Monday, 27 November 2017 16:26

Turkish President Recep Tayyip Erdoğan urged the Turkish main opposition party, the Republican People's Party (CHP), to present evidence that he has the off-shore bank accounts on Sunday in response to CHP’s accusations.

Earlier in the month, CHP Leader Kemal Kılıcdaroğlu said that members of Erdoğan’s family and his former executive assistants allegedly have transferred millions of dollars to an off-shore company.

"If Tayyip Erdoğan has a single penny abroad, he should prove it.
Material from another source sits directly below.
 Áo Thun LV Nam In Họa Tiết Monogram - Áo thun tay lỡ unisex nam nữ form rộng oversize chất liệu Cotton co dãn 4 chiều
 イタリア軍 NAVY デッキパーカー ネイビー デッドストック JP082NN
If proven, I will not stay in this presidential post for even one minute … In which off-shore bank does Tayyip Erdogan have an account? Prove it. If you cannot prove it, you yourself will have to quit politics. If you do, I will quit politics and my post in the presidency,” Erdoğan said.
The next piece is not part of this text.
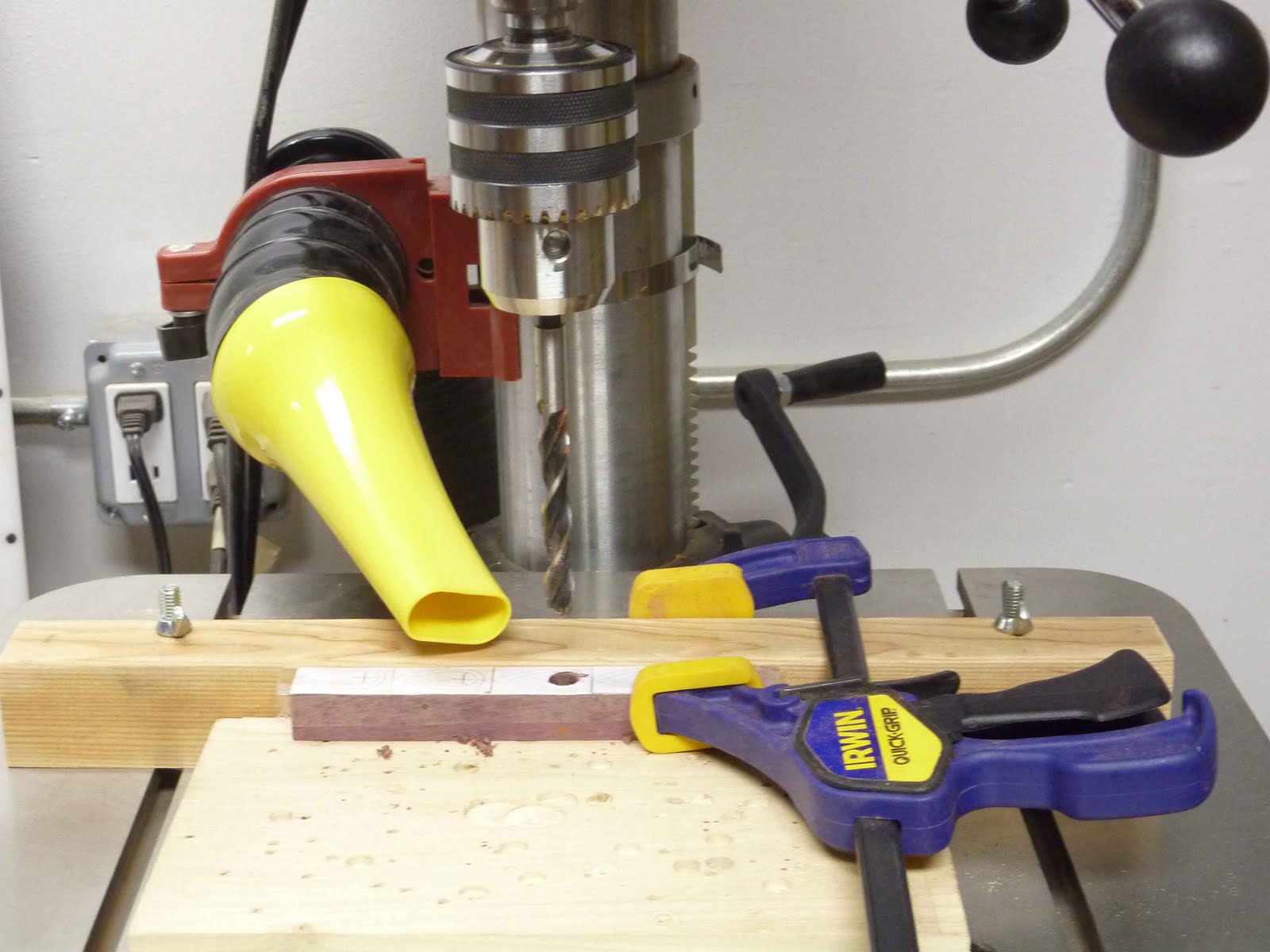 Scroll Saw Bowls Completed drill press fence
Erdoğan’s lawyers have filed a complaint against the CHP leader on Friday and demanded a compensation for the claims.

CORRUPTION AND BRIBERY

Bribery and corruption allegations about Erdoğan and his family are particularly concentrated in energy and transportation sectors. Erdoğan appointed his son-in-law, Berat Albayrak, as Energy Minister in incumbent government. A senior government advisor is said to have confided to a journalist that Erdoğan took advantage of the privatisation of a state oil refinery, according to U.S. diplomatic documents that were leaked by Wikileaks.
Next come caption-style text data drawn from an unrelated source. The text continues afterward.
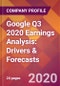 Google Q3 2020 Earnings Analysis: Drivers & Forecasts - Product Thumbnail Image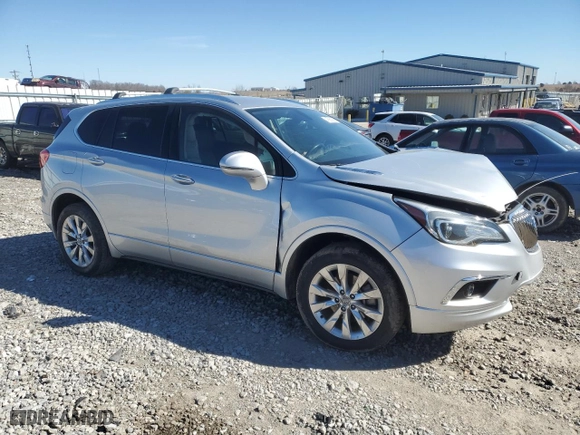 2017 Buick Envision Essence with VIN LRBFXBSA3HD128632, listed as a Copart auction lot 45983655 with 0 mi miles and Salvage Title. Bid and sale history available at carsss.com. Image 4.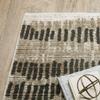 HomeRoots 510283 8 x 11 ft. Abstract Power Loom Stain Resistant Area Rug with Fringe Multi Color view 4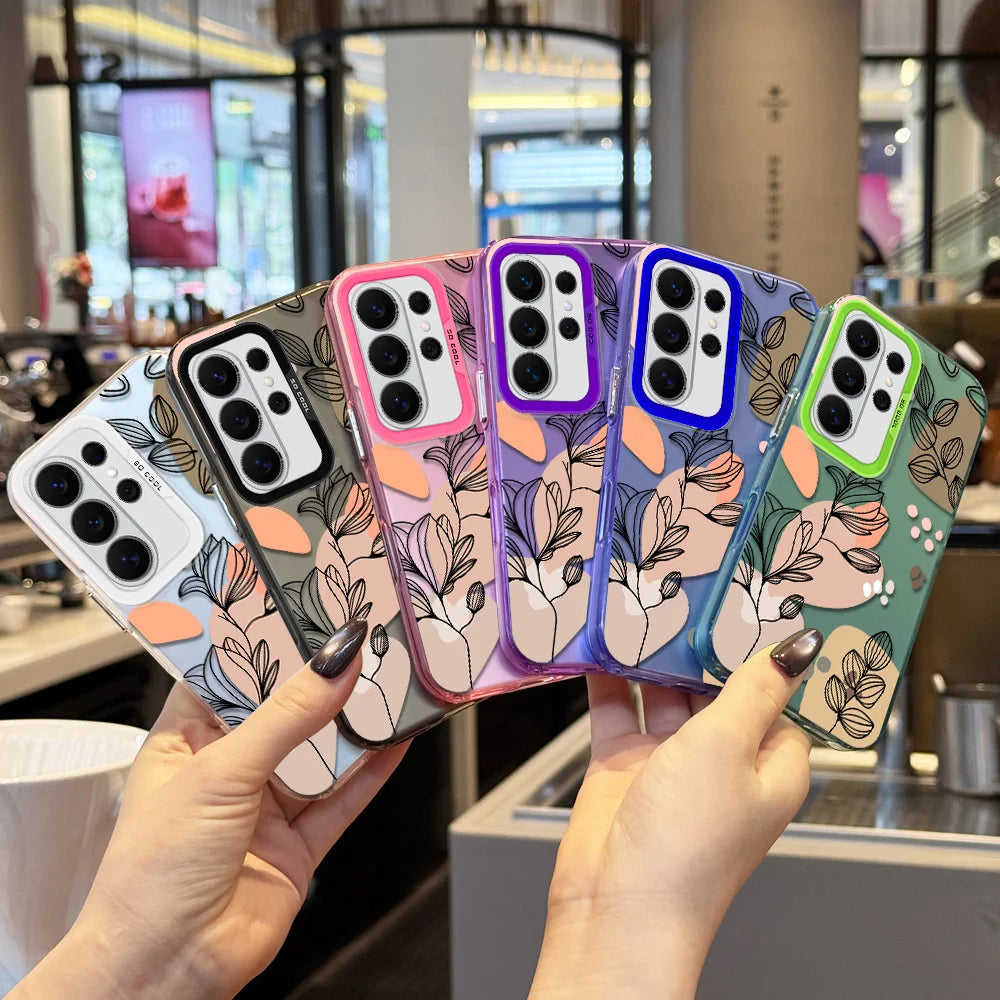 Floral Aurora Case for Samsung S21 FE S22 S23 S24 S25 S26 Ultra Cover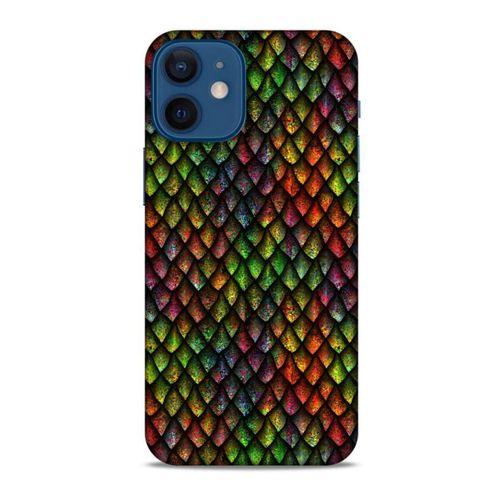 Apple iPhone 12 Mini Kılıf Dragons (6) Silikon Kılıf Ejderha Skin Çok Renkli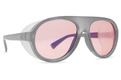 Esker Sunglasses Grey Translucent Satin / Rose Blue Flash Lens Color Swatch Image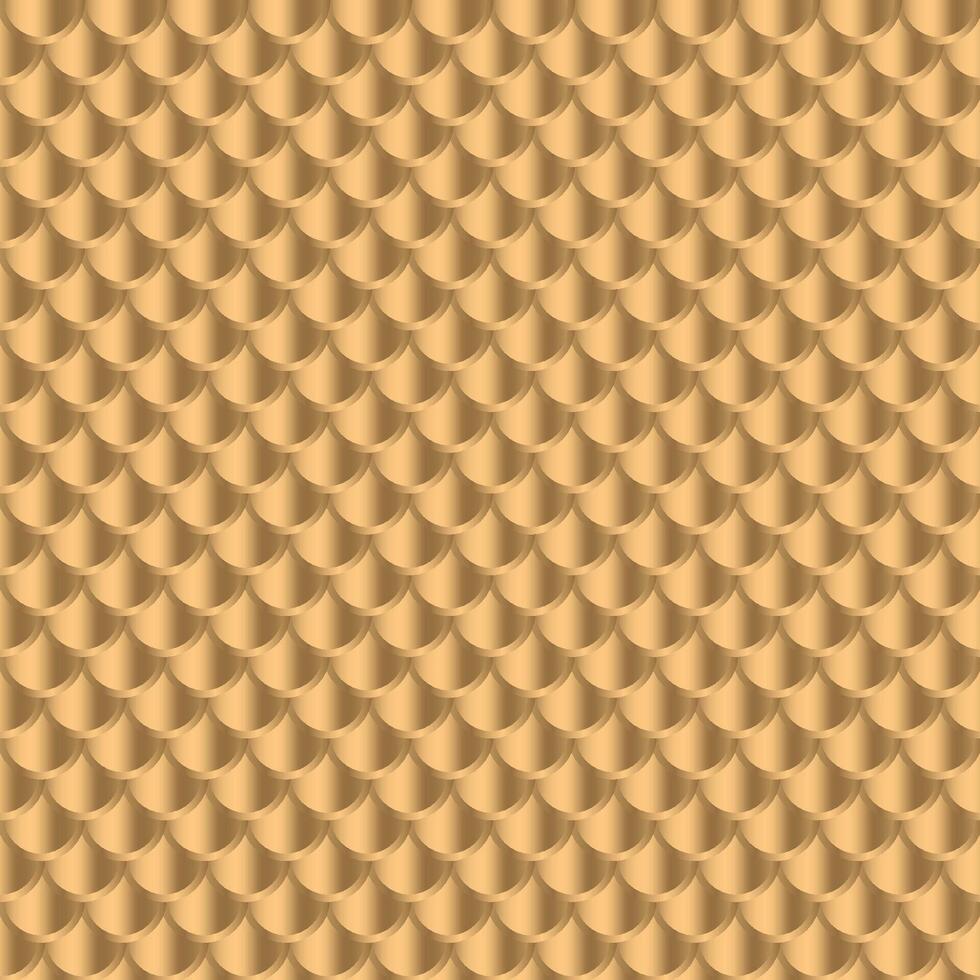 scales seamless pattern mermaid golden vector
In 2010, leaked cables said Erdoğan had eight accounts in Swiss banks. The classified cable, released this week by WikiLeaks, is dated Dec. 30, 2004, from then-U.S. Ambassador Eric Edelman. It says: "We have heard from two contacts that Erdogan has eight accounts in Swiss banks; his explanations that his wealth comes from the wedding presents guests gave his son and that a Turkish businessman is paying the educational expenses of all four Erdogan children in the U.S. purely altruistically are lame." Another U.S. diplomatic cable, dated Feb. 27, 2009, claimed that Erdoğan's 'friends' were benefiting from Turkey's business deals with Iran. One friend from his days at a religious school was head of a Turkish company that had entered a joint venture with Iran to develop gas and build pipelines, the memo said.

On Dec. 17, 2013, Turkish prosecutors charged gold trader Reza Zarrab with bribing Turkish ministers with ties to then-Prime Minister Recep Tayyip Erdoğan, charges which were later dropped following a switch in the prosecutorial team. 

In February 2014, recordings of five telephone conversations appeared on YouTube alleged to be between Erdoğan and his son, Bilal Erdoğan. The conversations are said to have taken place Dec. 17 and 18. A heated controversy erupted after the release on YouTube of the audio recordings in which Erdoğan was reportedly heard telling his son, Bilal, to urgently get rid of tens of millions of dollars. Erdogan has claimed the recordings were a montage but the experts begged to differ.

In the alleged tapes of the Erdoğan's telephone conversations, it sounds as though the prime minister has asked his son to remove $1 billion from the homes of family members and conceal it.

Erdoğan launched a purge, which is ongoing, of the Turkish judiciary and police force to cleanse it of officials involved in the investigation. Erdoğan praised Zarrab as a philanthropist, charges were dropped and he was later awarded a prize for exporter of the year by the government.